To make the approach computationally feasible, the authors employ persistent homology. Given a point cloud representation of the object, a Vietoris–Rips filtration is built, and the birth–death pairs of homology classes are recorded in a persistence diagram. The diagram provides a compact summary of βk(ε) across all scales, and the slopes of the log–log plots of βk versus ε can be estimated directly from the diagram. Modern algorithms allow the construction of these diagrams in O(N log N) time for typical data sizes, making the method applicable to large‑scale simulations.

The methodology is validated on three canonical models of random geometry: (1) branched polymers, (2) Brownian trees, and (3) self‑avoiding random walks (SAW). For branched polymers, the topological dimension obtained from β0 and β1 is ≈1.71, slightly higher than the traditional estimate (≈1.6–1.8) and reflecting the combined effect of branching density and loop formation. In Brownian trees the analysis yields D≈1.53, capturing not only the tree‑like branching (β0) but also the small voids that appear when branches intersect (β2). For SAW in two dimensions the topological dimension is ≈1.34, essentially matching the known fractal dimension (≈1.33) while confirming that large loops are virtually absent, as shown by the near‑flat β1 curve.

Beyond static characterization, the authors demonstrate that the topological measure is sensitive to deformation.

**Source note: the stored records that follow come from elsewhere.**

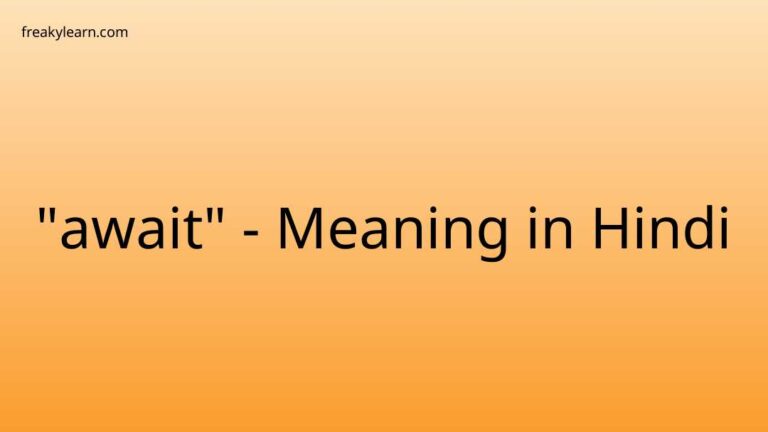 “await” Meaning in Hindi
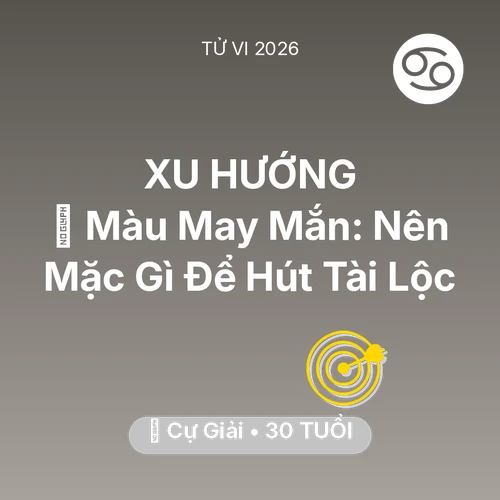 Vận hạn Cự Giải sinh năm 1996 trong năm (2026): 🍀 Màu May Mắn: Cự Giải Nên Mặc Gì Để Hút Tài Lộc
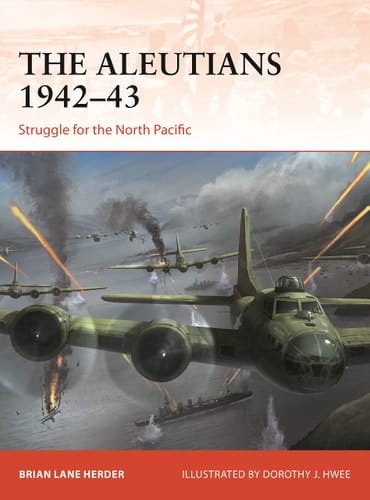 The Aleutians 1942–43 Struggle for the North Pacific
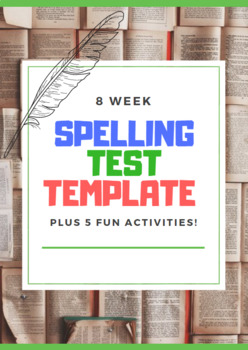 Preview of 8 Week Spelling List & Test Templates - printable, editable and digital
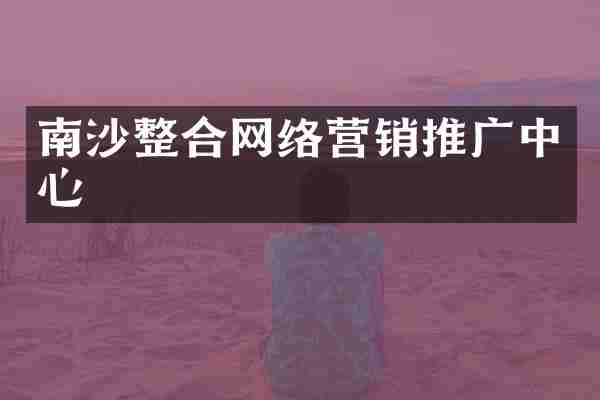 南沙整合网络营销推广中心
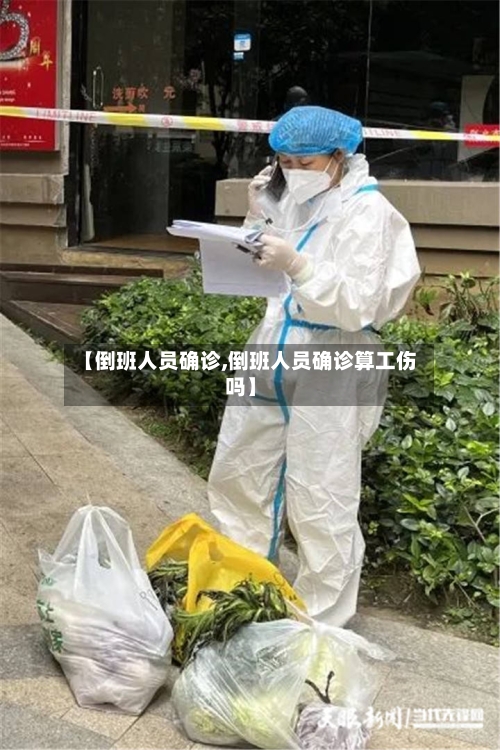 【倒班人员确诊,倒班人员确诊算工伤吗】-第2张图片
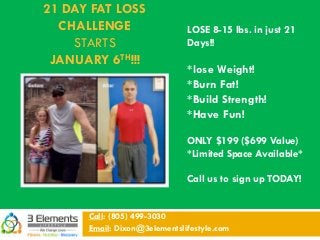 21 DAY FAT LOSS
CHALLENGE
STARTS
JANUARY 6TH!!!
Call: (805) 499-3030
Email: Dixon@3elementslifestyle.com
LOSE 8-15 lbs. in just 21
Days!!
*lose Weight!
*Burn Fat!
*Build Strength!
*Have Fun!
ONLY $199 ($699 Value)
*Limited Space Available*
Call us to sign up TODAY!
 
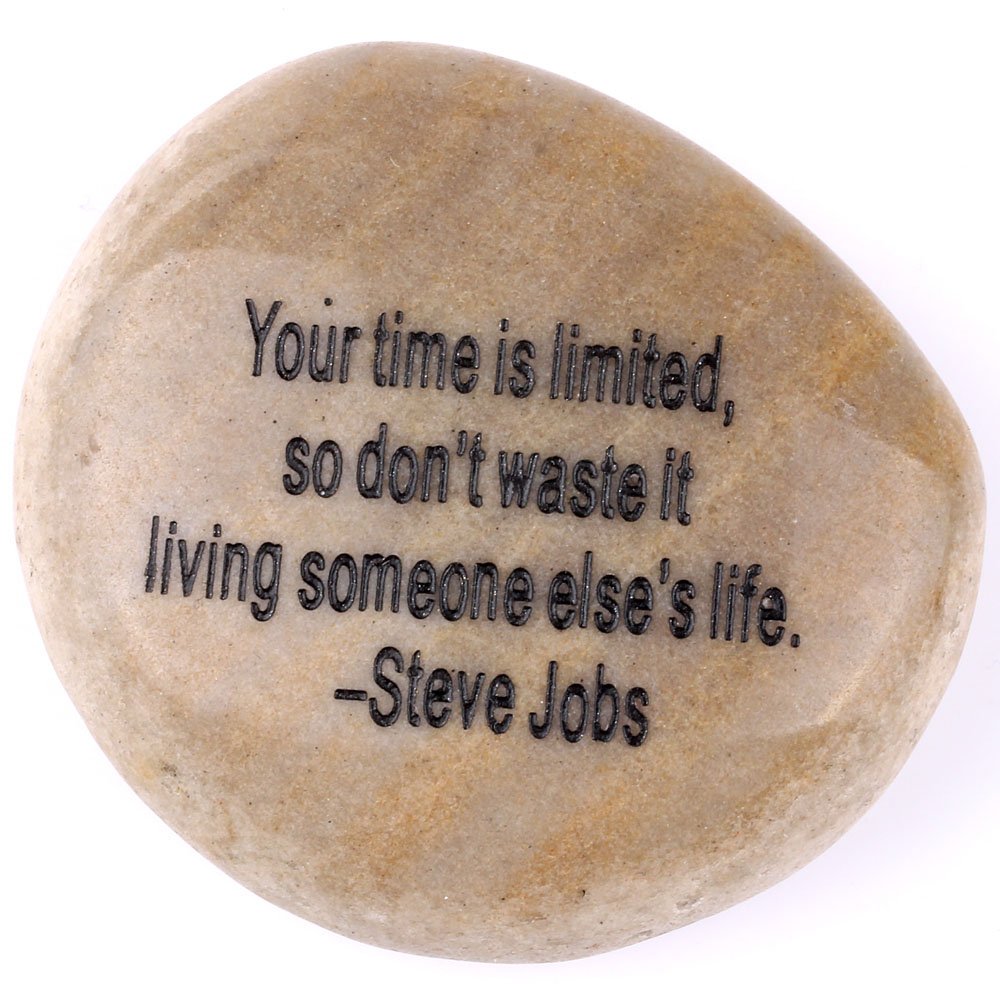 Holy Land Market Engraved Inspirational Stones Collection - Stone I : Steve Jobs : Your time is Limited、mySite、topwebapps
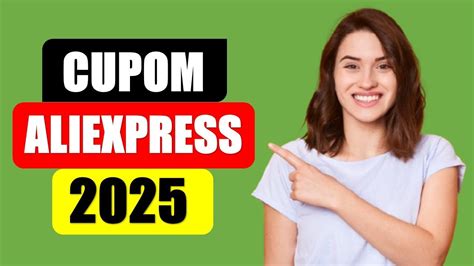 Cupom AliExpress 2025 | Novo Cupom de Desconto AliExpress Maio de 2025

Stretching a branched polymer reduces β0 (fewer independent components) while increasing β1 (more pronounced loops), leading to a continuous change in the derived dimension. This suggests that the topological dimension can serve as a real‑time indicator of shape evolution under external forces.

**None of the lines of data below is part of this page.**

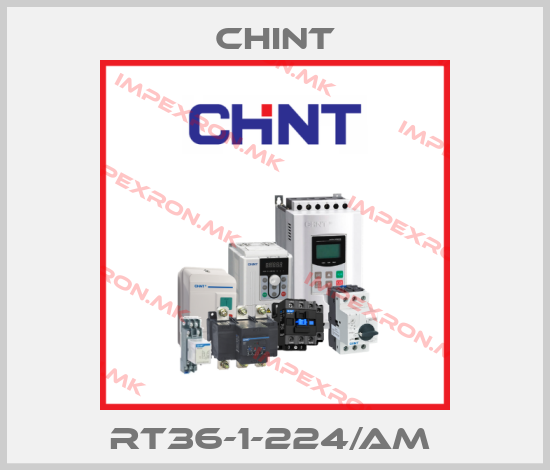 Chint-RT36-1-224/AM price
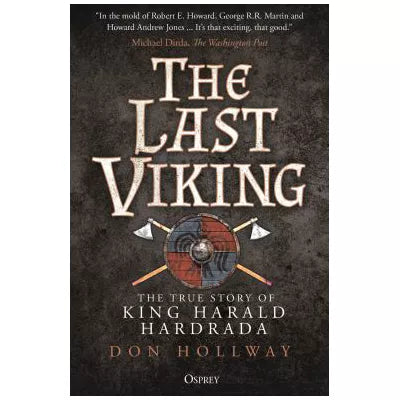 Last Viking: The True Story of King Harald Hardrada
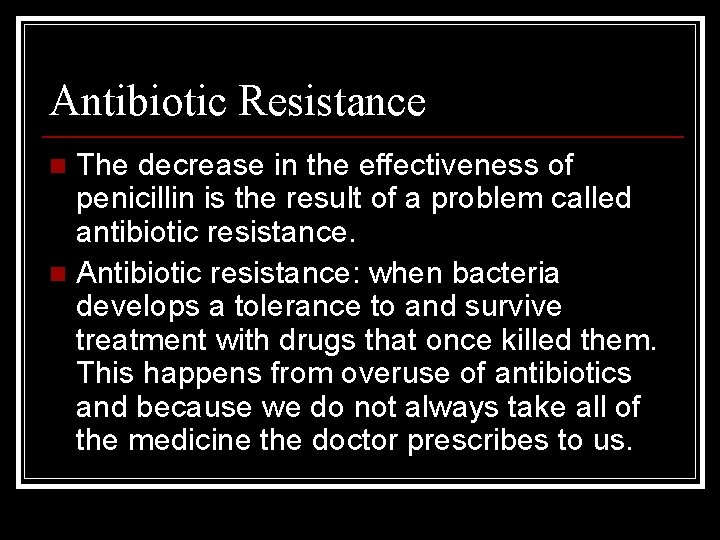 Antibiotic Resistance The decrease in the effectiveness of penicillin is the result of a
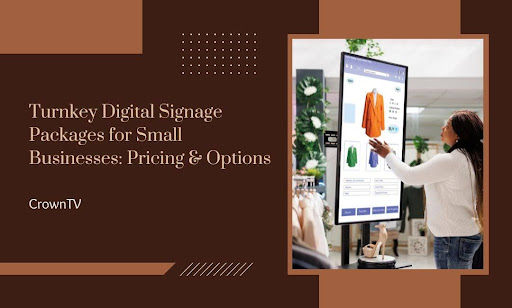 Turnkey Digital Signage Packages for Small Businesses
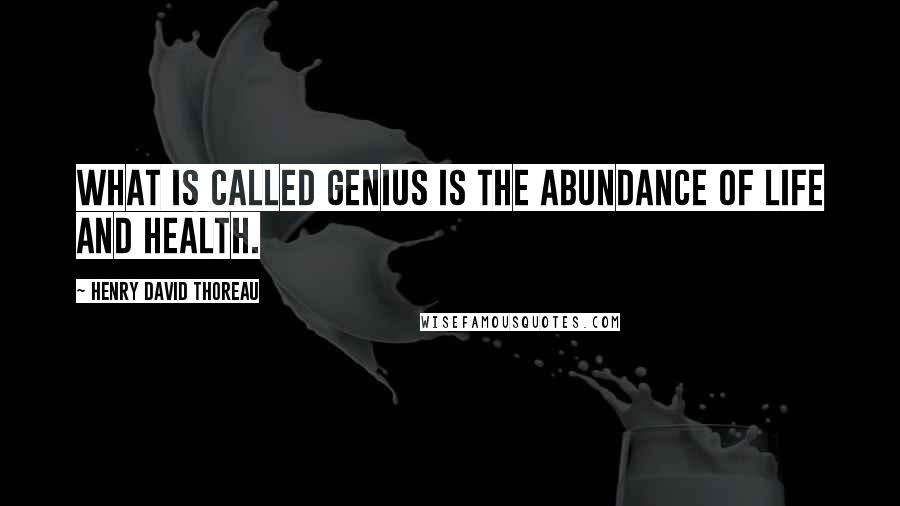 Henry David Thoreau Quotes: What is called genius is the abundance of life and health.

The paper also discusses limitations and future directions. The current implementation focuses on Euclidean spaces of dimension two and three; extending the framework to non‑Euclidean manifolds or higher‑dimensional data sets will require additional theoretical work. Moreover, while the present definition uses only the raw counts of Betti numbers, richer descriptors—such as the distribution of persistence lifetimes or multivariate combinations of βk—could yield a family of “multi‑dimensional” fractal exponents.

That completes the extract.